O acordo de comercial livre com o Reino Unido foi, sem dúvida, uma boa notícia para as empresas portuguesas, mas deixa muitas incertezas no ar.  Desde logo porque, passando a haver controlo alfandegário na troca de bens, os procedimentos burocráticos e os custos de contexto (taxas por serviços aduaneiros, por exemplo) vão necessariamente aumentar e é expectável uma maior morosidade na entrada das mercadorias no Reino Unido. São também esperadas barreiras não tarifárias, designadamente especificações técnicas que os produtos da UE têm de observar em conformidade com a legislação do Reino Unido.

Por outro lado, o level playing field – a garantia de que os padrões de qualidade, os direitos laborais, as regras ambientais e as ajudas de Estado continuam a ser idênticos nos dois lados do canal da Mancha – pode ser uma fonte de conflitos no futuro. Se estas condições de concorrência não forem respeitadas, está prevista a criação de um mecanismo para aplicação de sanções e tarifas à contraparte.

Neste contexto cheio de dúvidas e questões em aberto, Portugal deve procurar salvaguardar a sua especial relação com o Reino Unido, que remonta a 1373 – data do Tratado Anglo-Português, a mais antiga aliança internacional em vigor. A presidência portuguesa do Conselho da UE pode, inclusivamente, ser uma oportunidade para o nosso país liderar um processo de aprofundamento do acordo comercial agora alcançado, no sentido de reforçar a cooperação económica com o Reino Unido.

O Reino Unido é o quarto maior mercado das exportações portuguesas e o primeiro dos nossos serviços. Cerca de 6% das nossas exportações em 2019 tiveram como destino o Reino Unido, sendo que os produtos comercializados para este mercado não provêm apenas dos sectores tradicionais. Mais de 40% das exportações portuguesas para o Reino Unido são de produtos de intensidade tecnológica alta e média-alta e startups inovadoras como a Farfetch, a Uniplaces, a Feedzai, a Talkdesk ou a OutSystems, por exemplo, têm escritórios em Londres e desenvolvem uma parte importante das suas atividades a partir da capital britânica.

Considerando este peso económico, importa criar um contexto que mitigue o impacto negativo que, pelo menos nesta fase de transição, o Brexit seguramente terá em sectores e empresas portugueses.
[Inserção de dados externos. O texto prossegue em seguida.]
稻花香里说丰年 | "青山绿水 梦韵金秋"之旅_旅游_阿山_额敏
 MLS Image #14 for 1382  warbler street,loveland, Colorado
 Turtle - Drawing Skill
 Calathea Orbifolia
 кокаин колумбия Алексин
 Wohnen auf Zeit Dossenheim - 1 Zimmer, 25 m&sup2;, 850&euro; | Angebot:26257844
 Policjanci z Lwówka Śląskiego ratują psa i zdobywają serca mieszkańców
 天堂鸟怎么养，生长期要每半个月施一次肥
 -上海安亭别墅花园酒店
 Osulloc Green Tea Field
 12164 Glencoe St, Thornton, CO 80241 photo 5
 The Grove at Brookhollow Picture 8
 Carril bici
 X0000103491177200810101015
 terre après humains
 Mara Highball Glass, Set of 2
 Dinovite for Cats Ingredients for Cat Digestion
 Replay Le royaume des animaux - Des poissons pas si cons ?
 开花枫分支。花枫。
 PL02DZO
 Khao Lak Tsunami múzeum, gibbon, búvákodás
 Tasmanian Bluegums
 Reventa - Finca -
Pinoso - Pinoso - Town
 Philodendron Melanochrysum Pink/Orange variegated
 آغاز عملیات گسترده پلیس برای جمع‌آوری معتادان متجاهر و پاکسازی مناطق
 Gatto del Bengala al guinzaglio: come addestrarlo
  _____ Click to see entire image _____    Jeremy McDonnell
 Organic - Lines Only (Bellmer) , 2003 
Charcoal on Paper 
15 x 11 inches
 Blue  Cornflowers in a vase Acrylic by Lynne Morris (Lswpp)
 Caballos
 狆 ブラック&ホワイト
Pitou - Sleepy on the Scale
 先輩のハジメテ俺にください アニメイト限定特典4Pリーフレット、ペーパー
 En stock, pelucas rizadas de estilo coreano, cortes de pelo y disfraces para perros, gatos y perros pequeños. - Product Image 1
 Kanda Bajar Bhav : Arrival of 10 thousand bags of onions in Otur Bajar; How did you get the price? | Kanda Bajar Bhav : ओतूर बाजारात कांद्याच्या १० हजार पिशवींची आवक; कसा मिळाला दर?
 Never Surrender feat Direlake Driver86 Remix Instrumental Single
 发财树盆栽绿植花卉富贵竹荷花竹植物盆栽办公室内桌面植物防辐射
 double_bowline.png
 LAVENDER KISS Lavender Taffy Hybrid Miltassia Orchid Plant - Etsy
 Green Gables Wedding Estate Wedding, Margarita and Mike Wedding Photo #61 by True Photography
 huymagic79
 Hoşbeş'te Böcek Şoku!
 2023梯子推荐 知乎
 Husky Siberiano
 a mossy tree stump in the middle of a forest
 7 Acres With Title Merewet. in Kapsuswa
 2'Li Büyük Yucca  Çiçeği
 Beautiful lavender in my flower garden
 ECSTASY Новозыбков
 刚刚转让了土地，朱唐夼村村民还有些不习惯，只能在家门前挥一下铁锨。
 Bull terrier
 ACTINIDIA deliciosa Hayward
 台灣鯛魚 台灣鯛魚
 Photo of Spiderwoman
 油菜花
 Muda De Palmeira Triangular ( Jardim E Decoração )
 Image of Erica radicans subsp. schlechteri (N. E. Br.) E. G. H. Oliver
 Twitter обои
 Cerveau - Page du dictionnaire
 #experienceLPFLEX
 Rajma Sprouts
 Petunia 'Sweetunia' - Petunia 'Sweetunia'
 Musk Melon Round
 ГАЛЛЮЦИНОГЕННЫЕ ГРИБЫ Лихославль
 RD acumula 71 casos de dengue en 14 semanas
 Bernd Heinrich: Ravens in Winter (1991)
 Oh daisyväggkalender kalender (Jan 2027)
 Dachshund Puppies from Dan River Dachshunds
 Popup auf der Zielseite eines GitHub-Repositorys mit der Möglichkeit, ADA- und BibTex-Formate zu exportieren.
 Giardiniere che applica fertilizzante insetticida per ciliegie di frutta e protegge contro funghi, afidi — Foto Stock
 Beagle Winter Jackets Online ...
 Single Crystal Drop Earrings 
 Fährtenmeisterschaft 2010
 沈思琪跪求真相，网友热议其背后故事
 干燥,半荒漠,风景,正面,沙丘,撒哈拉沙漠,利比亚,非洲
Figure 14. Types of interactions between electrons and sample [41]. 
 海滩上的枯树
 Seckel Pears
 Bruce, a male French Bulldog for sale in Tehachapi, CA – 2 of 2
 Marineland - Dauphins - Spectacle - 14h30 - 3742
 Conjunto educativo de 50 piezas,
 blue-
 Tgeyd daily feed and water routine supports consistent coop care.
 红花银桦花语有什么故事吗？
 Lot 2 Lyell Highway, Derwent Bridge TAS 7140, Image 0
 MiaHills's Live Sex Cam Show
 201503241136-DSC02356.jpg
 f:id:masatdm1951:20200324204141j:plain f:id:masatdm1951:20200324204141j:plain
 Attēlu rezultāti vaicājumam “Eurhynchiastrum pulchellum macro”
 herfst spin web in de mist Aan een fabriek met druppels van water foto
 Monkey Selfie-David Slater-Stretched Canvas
Em abril de 2019, o Governo criou uma linha de apoio de 50 milhões de euros destinada às empresas com exposição ao Brexit, mas só foram aprovadas sete candidaturas (quatro milhões de euros). Apesar desta linha ter chegado a poucas empresas, parece-me importante avançar com novas medidas de capitalização e garantias estatais aos seguros de crédito para exportação, de forma a minimizar os entraves à troca de bens e serviços neste período inicial de implementação do acordo.

O Reino Unido tem uma importância estratégica para a economia portuguesa e, neste sentido, há que preservar a relação especial entre os dois países e promover um novo quadro de cooperação no âmbito da UE.